Après cette alléchante entrée en matière, la politique de séduction de Vladimir Poutine à l’égard des dirigeants français (de droite) se concrétise par une séquence, plus connue, consacrée aux liens qui unissent le président russe à François Fillon, depuis la naissance de leur amitié à Sotchi en 2008, alors que les deux hommes étaient premiers ministres. Les liens que le Kremlin entretient avec les membres du RN (Marine Le Pen, Thierry Mariani, Philippe Olivier) sont illustrés par des documents exclusifs fournis par The Dossier Center, organe de l’opposant à Vladimir Poutine, Mikhaïl Khodorkovski, et par des témoignages de diplomates.
La dernière partie, consacrée à la manipulation de l’information, se suit comme une fiction. Elle débute par un reportage à RT France, la chaîne russe interdite de diffusion depuis le 2 mars (le documentaire explique pourquoi), où seule la présentatrice Samantha Ramsamy s’exprime à visage découvert.
Tenir tête aux Occidentaux
Les investigations de Laure Pollez la mènent ensuite en Afrique (où RT est diffusée) pour expliciter la fausse affaire du « charnier » de Gossi, au Mali – deux jours après le départ officiel de la force « Barkhane » de cette base, un tweet est publié le 21 avril : « Voilà ce que les Français ont laissé derrière eux », avec une photo de cadavres enterrés. « Les miliciens de Wagner ont orchestré cette mise en scène », assure la France ; la Russie nie.
L’enquête offre au passage l’occasion unique de pénétrer dans les locaux de Viginum, la nouvelle cellule française créée pour lutter contre les ingérences étrangères. Elle révèle comment MediaPatriot, le groupe de presse d’Evgueni Prigojine (patron du groupe de mercenaires Wagner), a tenté de discréditer Emmanuel Macron avant la présidentielle de 2022.

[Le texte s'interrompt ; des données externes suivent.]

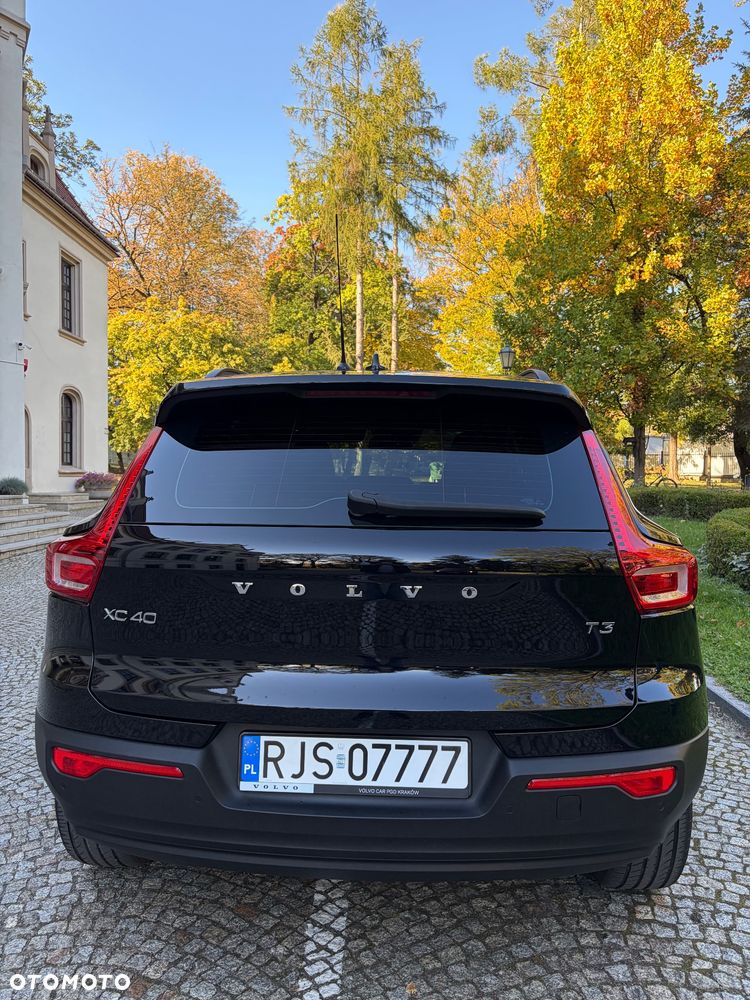 Volvo XC 40 T3 Momentum Core - 2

Mais qui rédige ces faux articles ? Comment sont-ils publiés ? Un article fourni clés en main est payé 300 euros pour être publié à Cotonou (Bénin). La Russie envoie des aides et tient tête aux Occidentaux, explique un journaliste africain, « et ça plaît ». La désinformation a de beaux jours devant elle. Malgré son interdiction, RT France diffuse à nouveau ses programmes en direct et en français via la plate-forme complotiste Odysee.
France : les réseaux Poutine, de Laure Pollez, Alexandra Jousset et Olivier Broutin (Fr., 2022, 58 min). « Complément d’enquête », France 2.